The trashcan API does fix this issue, although I did have to change "_PyObject_GC_UNTRACK(m);" to "PyObject_GC_UnTrack(m);" as well. I haven't checked yet why that's necessary.

augustogoulart · 2018-11-13T13:13:35Z

ronaldoussoren, I have tested (Debian 9) substituting "_PyObject_GC_UNTRACK(m);" to "PyObject_GC_UnTrack(m);", and although the tests pass, I'm can still see the segfault error.

diff --git a/Objects/methodobject.c b/Objects/methodobject.c
index cfea8cf410..cb8e279c7d 100644
--- a/Objects/methodobject.c
+++ b/Objects/methodobject.c
@@ -84,7 +84,7 @@ PyCFunction_GetFlags(PyObject *op)
 static void
 meth_dealloc(PyCFunctionObject *m)
 {
-    _PyObject_GC_UNTRACK(m);
+    PyObject_GC_UnTrack(m);
     if (m->m_weakreflist != NULL) {
         PyObject_ClearWeakRefs((PyObject*) m);
     }

augustogoulart · 2018-11-13T14:30:38Z

Sorry, I forgot to include the trashcan API. I'll double check and update the issue.

augustogoulart · 2018-11-27T12:19:41Z

After a couple of rounds, this is the benchmark result I got for the attached patch. It seems to be a simple, non-performance degrading fix.

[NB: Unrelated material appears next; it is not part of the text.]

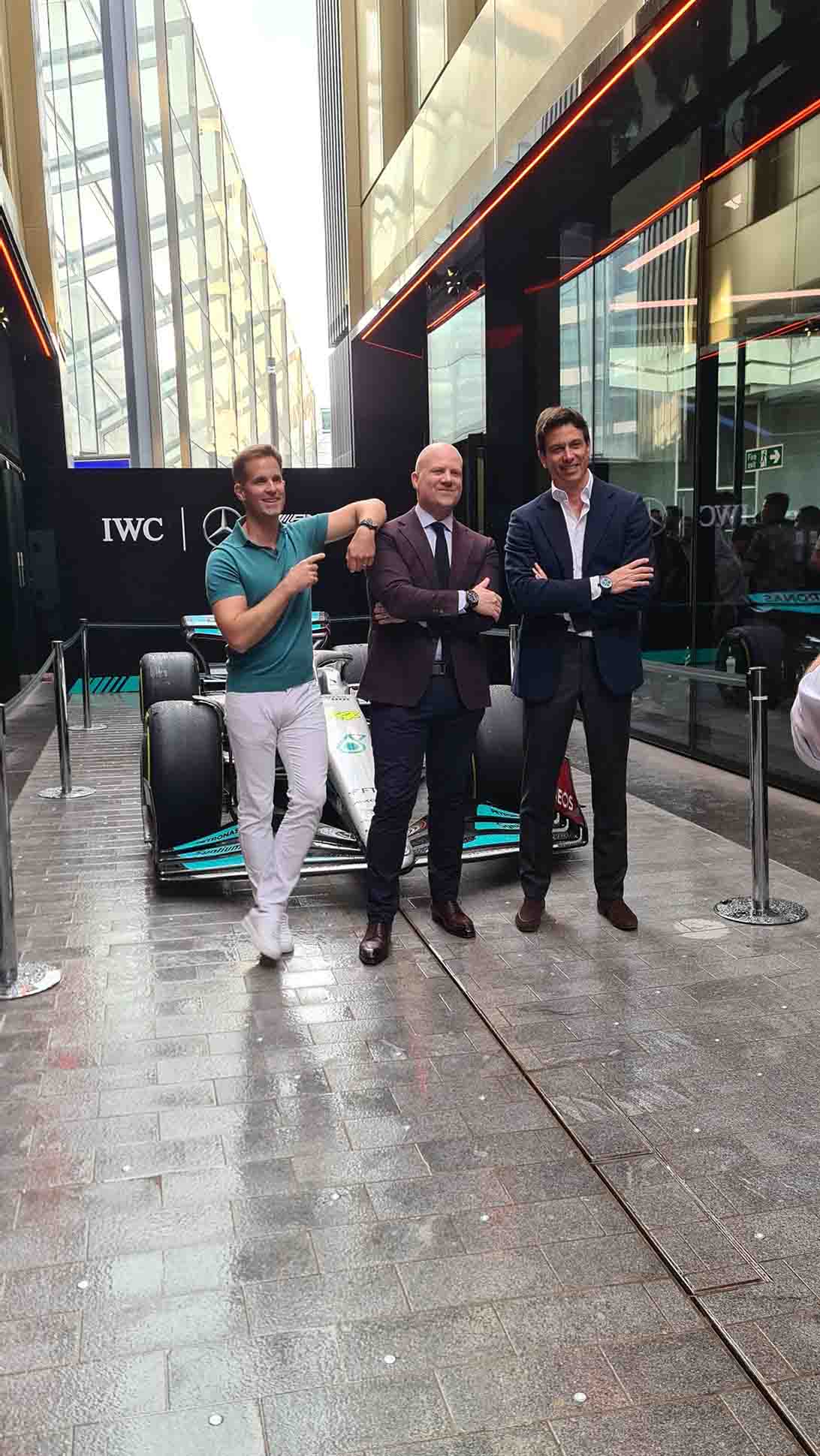 Toto Wolff and Chris Grainger-Herr standing in front of their Formula One car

python -m perf compare_to origin.json patch.json -G --min-speed=2
Slower (1):

sqlalchemy_declarative: 213 ms +- 4 ms -> 219 ms +- 9 ms: 1.03x slower (+3%)

Faster (9):

logging_format: 15.1 us +- 0.3 us -> 14.5 us +- 0.3 us: 1.05x faster (-5%)
hexiom: 15.0 ms +- 0.5 ms -> 14.5 ms +- 0.2 ms: 1.03x faster (-3%)
json_loads: 39.6 us +- 0.7 us -> 38.5 us +- 0.5 us: 1.03x faster (-3%)
json_dumps: 17.2 ms +- 0.4 ms -> 16.7 ms +- 0.2 ms: 1.03x faster (-3%)
fannkuch: 634 ms +- 4 ms -> 619 ms +- 6 ms: 1.02x faster (-2%)
django_template: 183 ms +- 3 ms -> 178 ms +- 5 ms: 1.02x faster (-2%)
float: 153 ms +- 2 ms -> 150 ms +- 1 ms: 1.02x faster (-2%)
raytrace: 761 ms +- 19 ms -> 745 ms +- 8 ms: 1.02x faster (-2%)
regex_effbot: 3.69 ms +- 0.06 ms -> 3.61 ms +- 0.05 ms: 1.02x faster (-2%)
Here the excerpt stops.